▸ Task description
With the pictures left out, write every entry down exactly.

[Items from a data source]
================

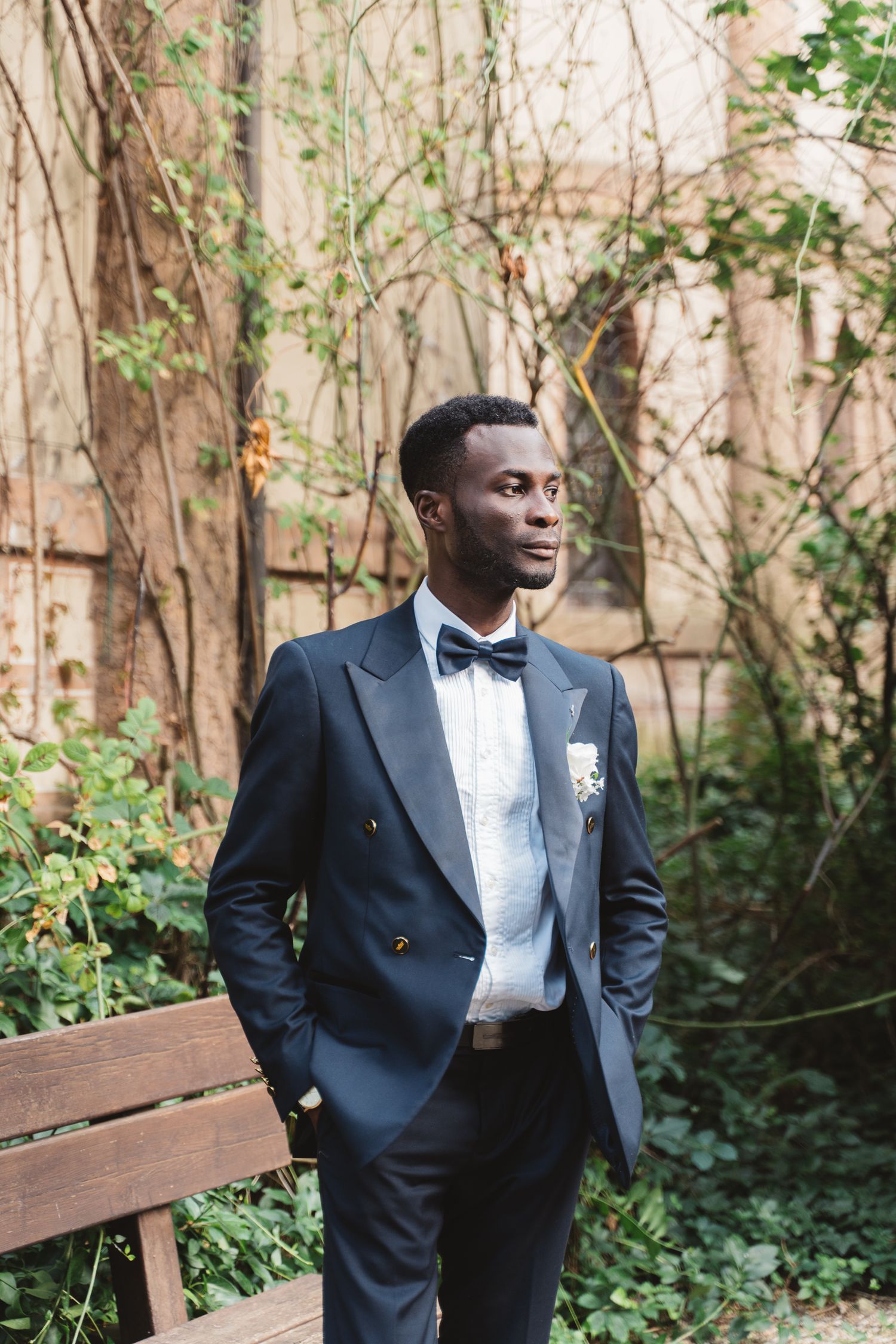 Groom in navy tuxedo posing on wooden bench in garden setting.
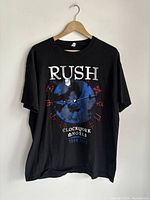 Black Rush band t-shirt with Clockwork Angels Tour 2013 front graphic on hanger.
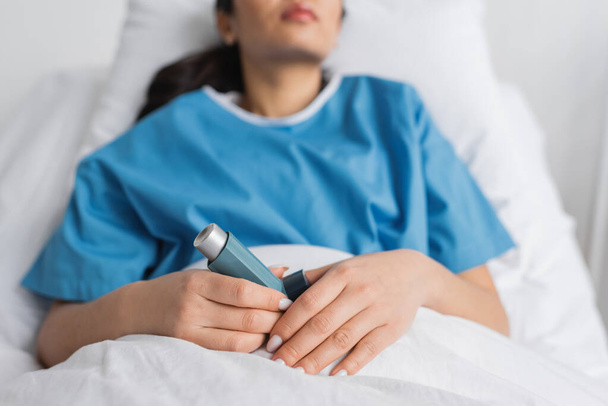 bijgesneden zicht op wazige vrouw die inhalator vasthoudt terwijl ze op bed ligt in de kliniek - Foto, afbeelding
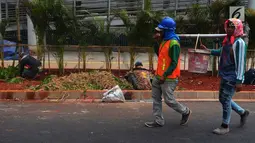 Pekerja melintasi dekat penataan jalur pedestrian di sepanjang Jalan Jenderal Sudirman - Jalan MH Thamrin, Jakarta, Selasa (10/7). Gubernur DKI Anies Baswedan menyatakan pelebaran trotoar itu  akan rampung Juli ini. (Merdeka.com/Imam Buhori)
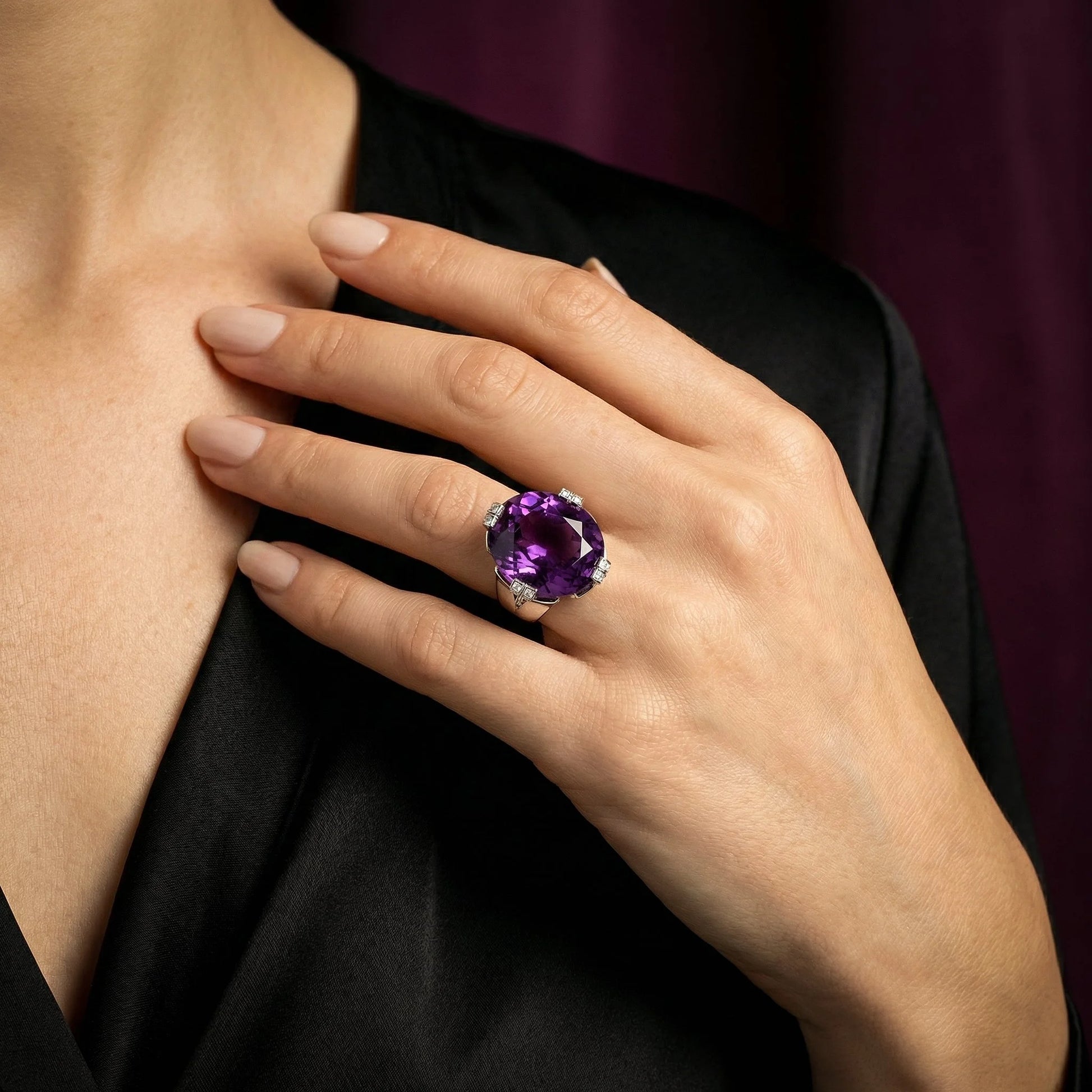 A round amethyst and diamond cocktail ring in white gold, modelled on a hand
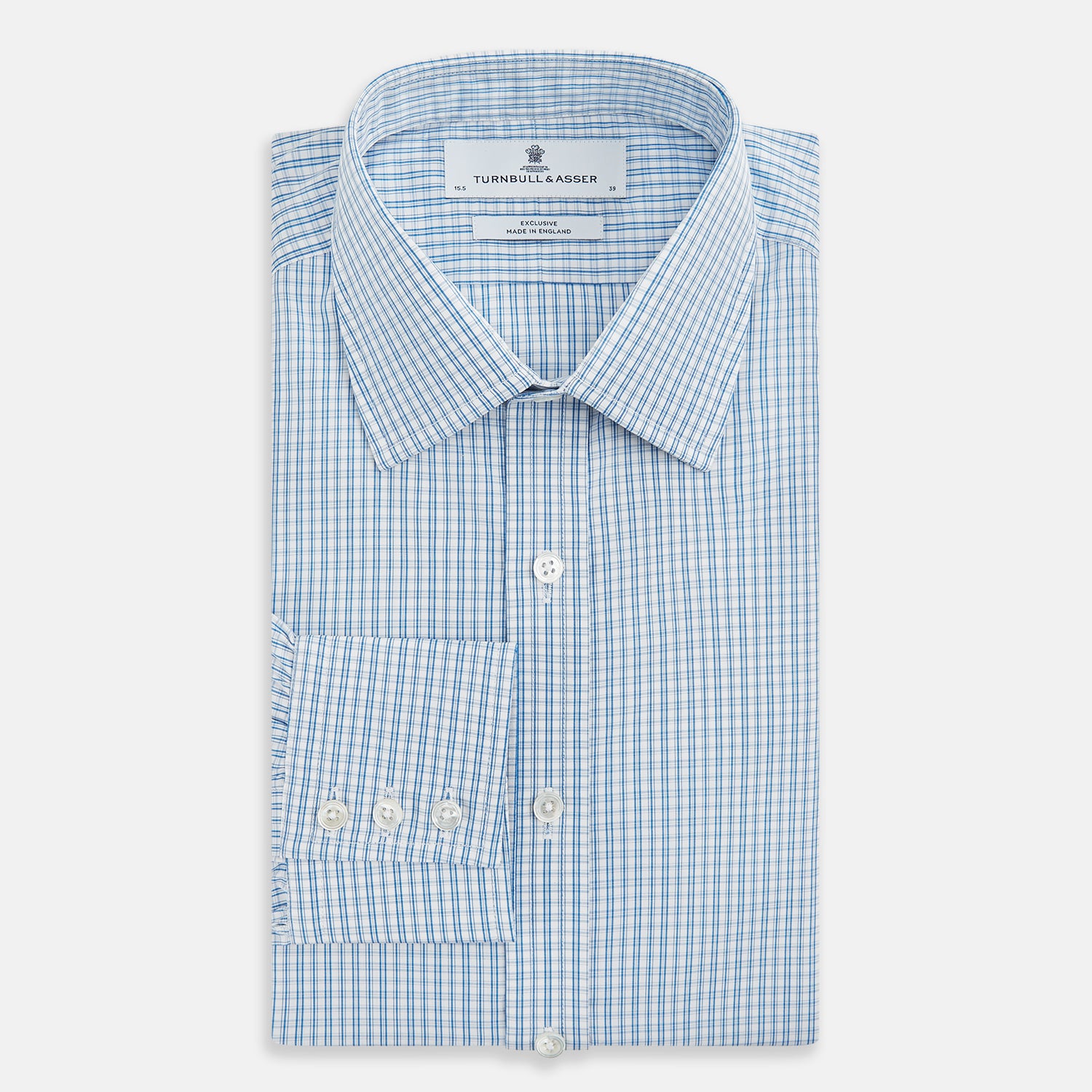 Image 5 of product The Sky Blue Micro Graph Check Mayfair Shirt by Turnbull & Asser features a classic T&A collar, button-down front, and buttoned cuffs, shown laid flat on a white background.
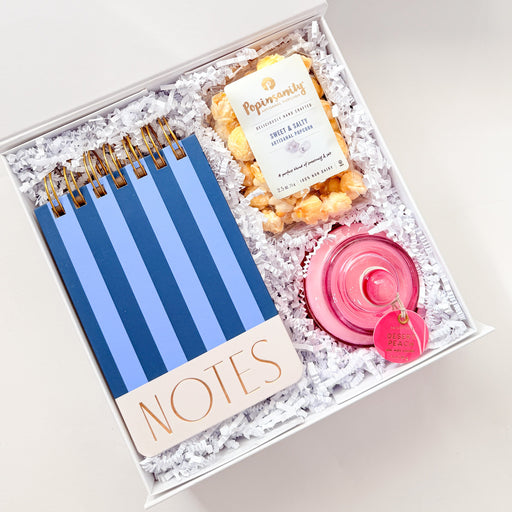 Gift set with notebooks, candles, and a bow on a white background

================

▸ Task answer
 Groom in navy tuxedo posing on wooden bench in garden setting.
 Black Rush band t-shirt with Clockwork Angels Tour 2013 front graphic on hanger.
 bijgesneden zicht op wazige vrouw die inhalator vasthoudt terwijl ze op bed ligt in de kliniek - Foto, afbeelding
 Pekerja melintasi dekat penataan jalur pedestrian di sepanjang Jalan Jenderal Sudirman - Jalan MH Thamrin, Jakarta, Selasa (10/7). Gubernur DKI Anies Baswedan menyatakan pelebaran trotoar itu  akan rampung Juli ini. (Merdeka.com/Imam Buhori)
 A round amethyst and diamond cocktail ring in white gold, modelled on a hand
 Image 5 of product The Sky Blue Micro Graph Check Mayfair Shirt by Turnbull & Asser features a classic T&A collar, button-down front, and buttoned cuffs, shown laid flat on a white background.
 Gift set with notebooks, candles, and a bow on a white background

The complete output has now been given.